Flounder Regs Vary in N.C.

Craig Holt

April 23, 2007 at 7:21 am  | Mobile Reader | Pring this storyPrint 

Those flounder you keep to eat are now subject to different minimum sizes depending on whether they were caught in the ocean or inside waters.  The inside waters flounder must be 14-inches long, with ocean flounder another half inch longer.
Photo by Jerry Dilsaver
Those flounder you keep to eat are now subject to different minimum sizes depending on whether they were caught in the ocean or inside waters. The inside waters flounder must be 14-inches long, with ocean flounder another half inch longer.
A revision for North Carolina’s 2007 saltwater regulations, printed in a chart in the May issue of North Carolina Sportsman, incorrectly reversed the N.C. Division of Marine Fisheries’ flounder size limits for inshore and ocean waters.

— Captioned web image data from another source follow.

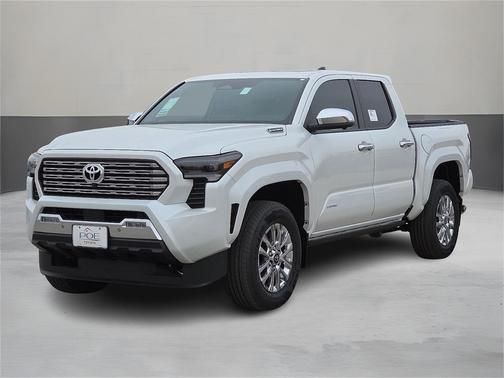 2026 Toyota Tacoma Hybrid Limited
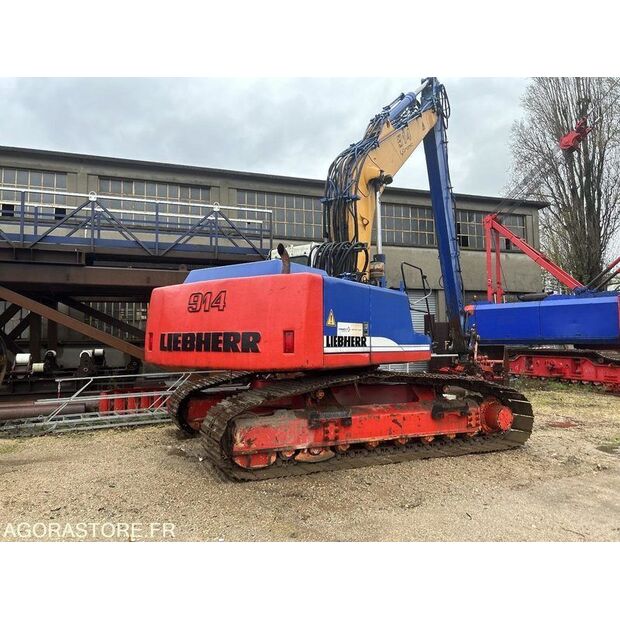 2002 Liebherr R914HDSL-45090227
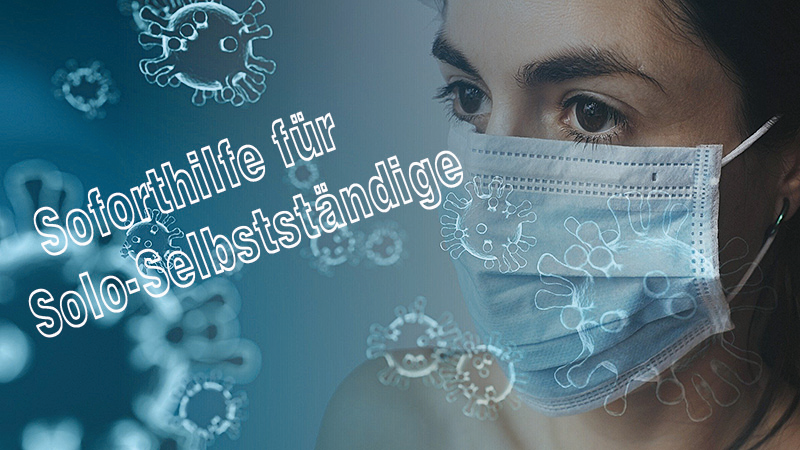 Soforthilfe f?r Solo-Selbstst?ndige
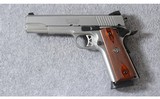 Ruger ~ SR 1911 Model 06700 ~ .45 acp - 2 of 7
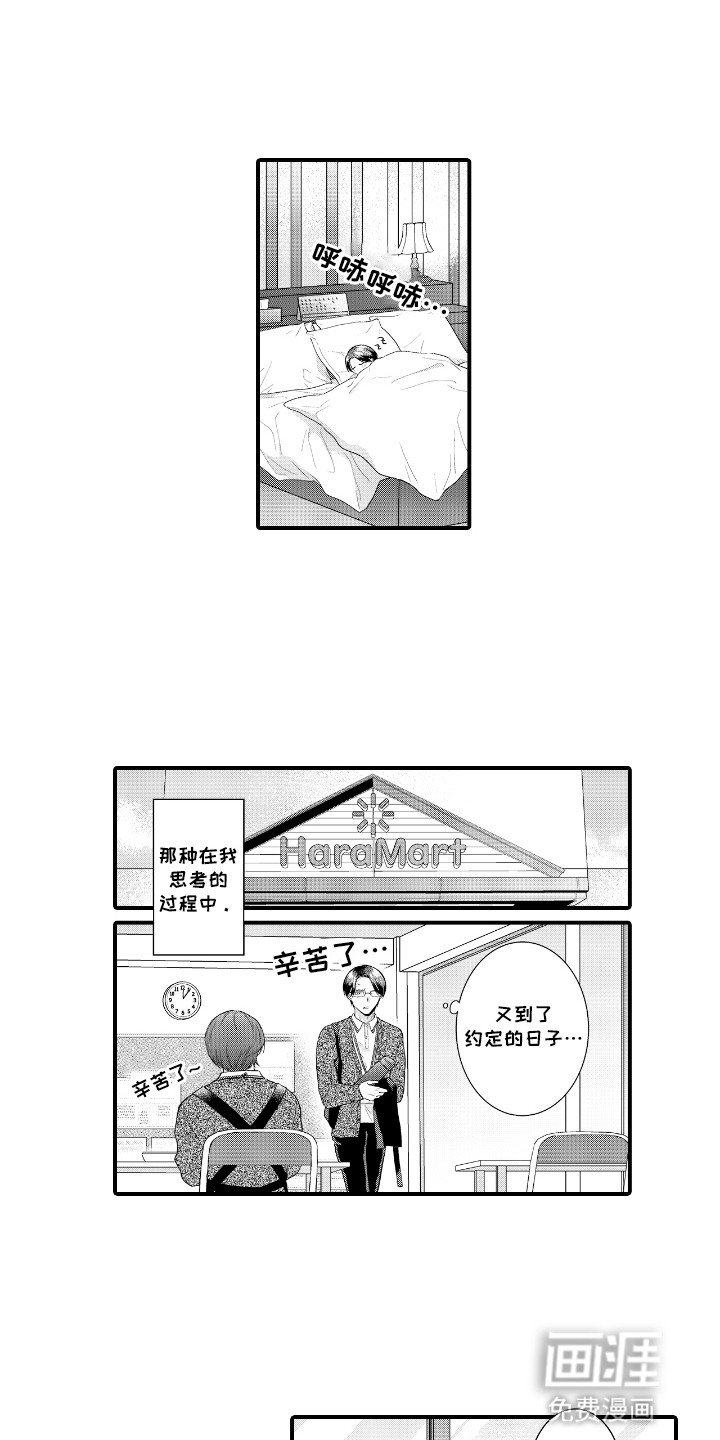 第6章：不安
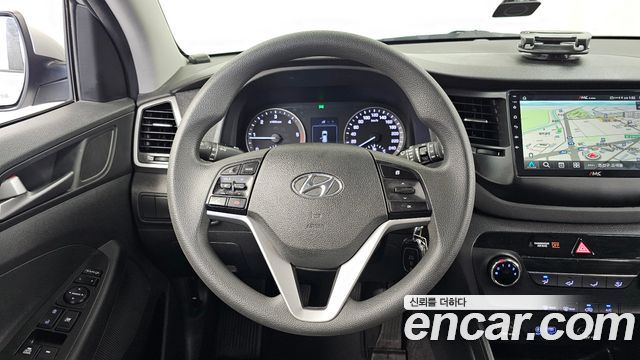 Hyundai Tucson 2018 — photo 19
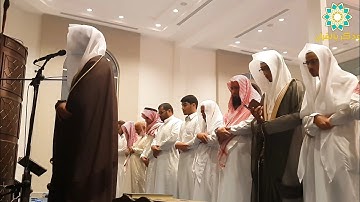 الليلة ١٧ | تراويح القارئ أحمد العبيد كامله ( فمنهم شقي وسعيد )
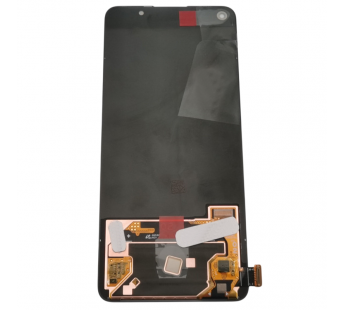 Дисплей для Realme GT Neo 2 5G (RMX3370)/OnePlus 9RT 5G + тачскрин(черный), Full ORIG#2144712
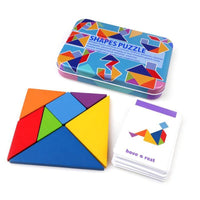 Tangram Puzzles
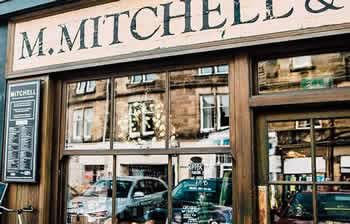 Mitchell St Andrews
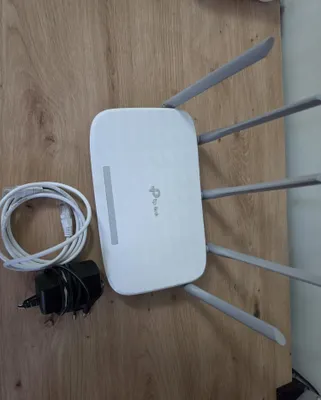 Wi-Fi роутер TP-Link Archer C60 1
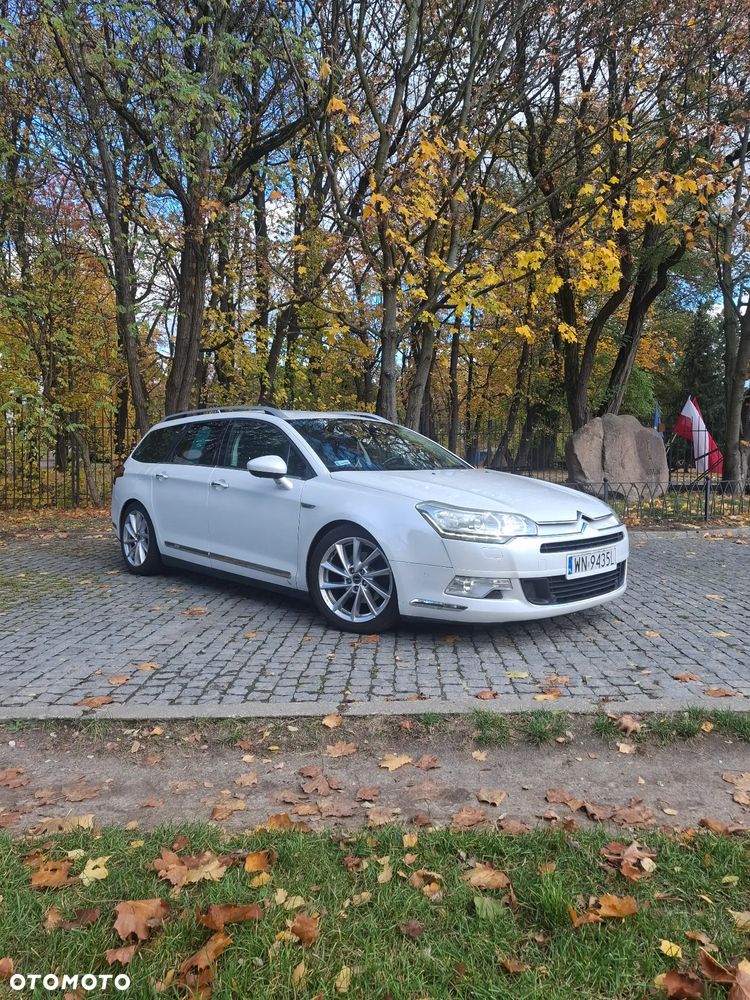 Citroën C5 Tourer HDi 165 FAP Business Class - 6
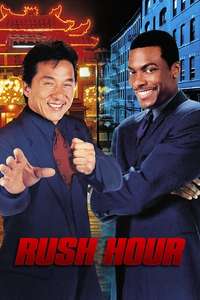 Rush Hour - Poster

The size limit for inshore-caught flounders is 14 inches total length and eight flounders per angler per day. The size limit for ocean-caught flounders is 14 1/2 inches total length and also eight flounders per day.

This regulation doesn’t mean anglers may catch eight inshore-waters flounders and also catch eight ocean flounders the same day for a total of 16 flounders. The total number of flounders that legally can be caught by one angler is eight in the aggregate (it could be four inshore and four ocean fish for a total of eight flounders).
 
The dividing line for inshore and ocean waters at inlets is called the “COLREGS” line, although that’s not the precise definition of the word. The COLREGS line basically extends from the point at one side of an inlet to the point at the other side of the inlet. Any fish caught “inside the breakers” generally is considered an inshore fish; if caught east (or south/southeast) of the N.C. COLREGS line (usually by a surf, boat or pier angler in the ocean), such a flounder would be considered an ocean flounder.

However, sand bars at inlets may extend into the ocean beyond the COLREGS line. During low-tide periods, shoreline inlet anglers sometimes walk on sand bars some distance beyond the COLREGS line and thus would be considered actually fishing for ocean flounders.

COLREGS is an abbreviation of “Collision Regulations,” but the proper name actually is International Regulations for Preventing Collisions at Sea. So COLREGS actually applies to activities (boating or shipping) in the ocean. Waters inside of COLREGS lines are called “Inland Rules” waters and different regulations apply — with the different size limits for N.C. flounders a perfect example.